## Exercise
Retype, exactly as they stand, the lines from the start of the data to the line that contains "有哪些恶心的图片? - 知乎", both ends included. Leave the pictures out.

## Dataset

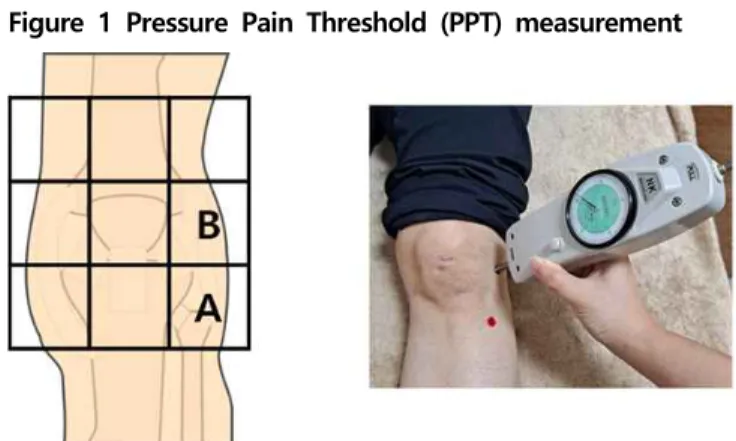 Figure  1  Pressure  Pain  Threshold  (PPT)  measurement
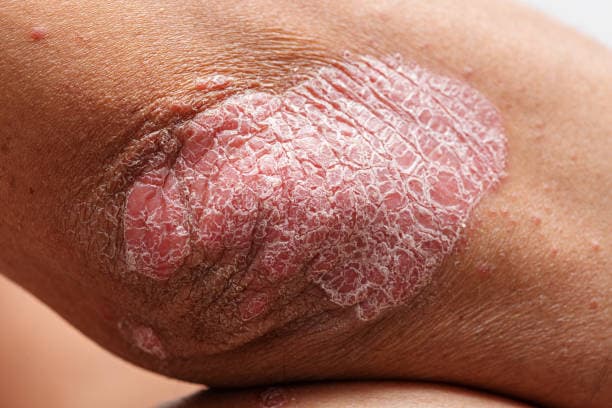 What is Psoriasis?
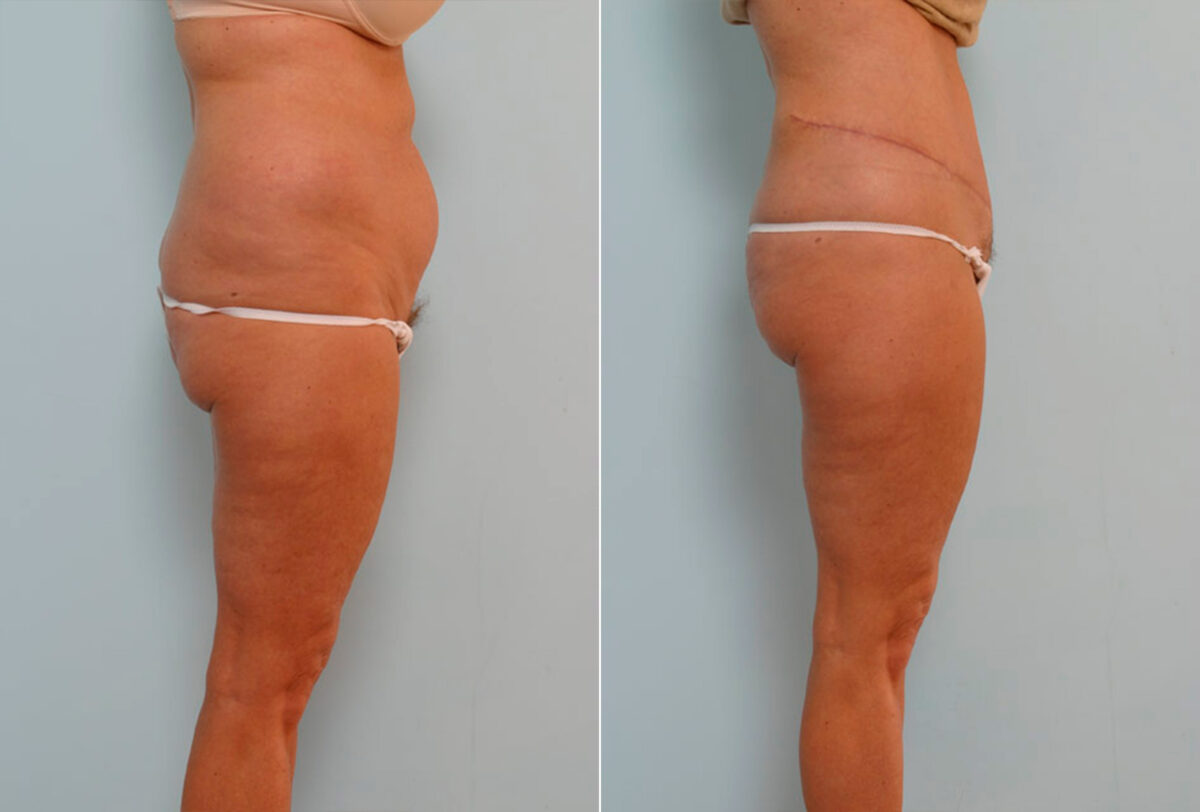 Abdominoplasty before and after photos in Houston, TX, Patient 24392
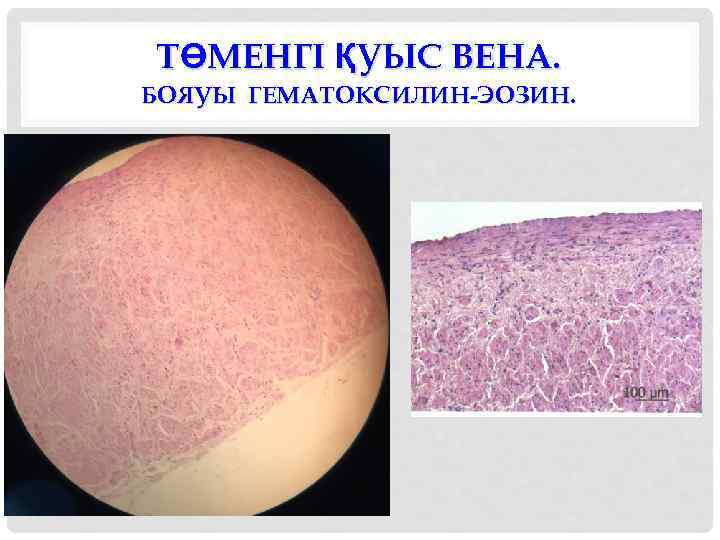 ТӨМЕНГІ ҚУЫС ВЕНА. БОЯУЫ ГЕМАТОКСИЛИН-ЭОЗИН. 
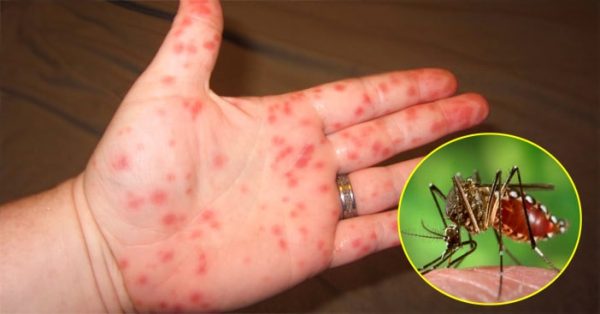 Hướng dẫn chăm sóc trẻ bị sốt xuất huyết Dengue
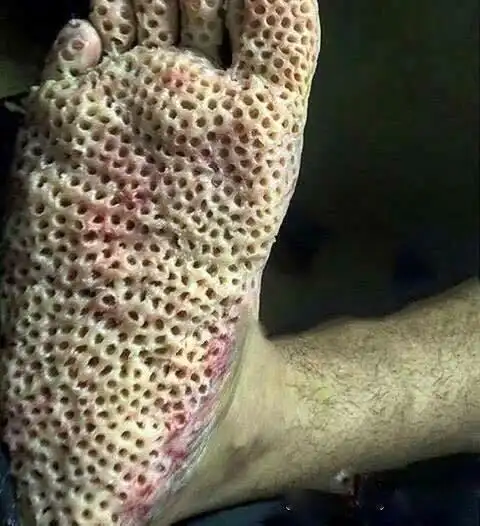 有哪些恶心的图片? - 知乎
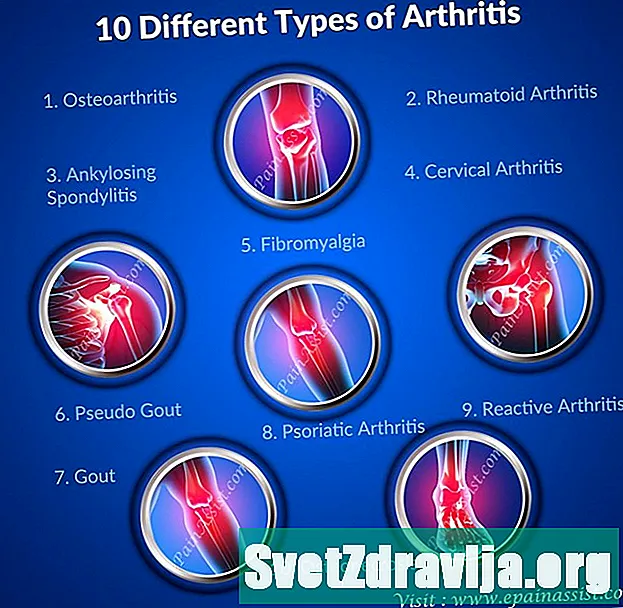 5 artriidi tüüpi, mis mõjutavad õla - Tervis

## Solution to the exercise
 Figure  1  Pressure  Pain  Threshold  (PPT)  measurement
 What is Psoriasis?
 Abdominoplasty before and after photos in Houston, TX, Patient 24392
 ТӨМЕНГІ ҚУЫС ВЕНА. БОЯУЫ ГЕМАТОКСИЛИН-ЭОЗИН. 
 Hướng dẫn chăm sóc trẻ bị sốt xuất huyết Dengue
 有哪些恶心的图片? - 知乎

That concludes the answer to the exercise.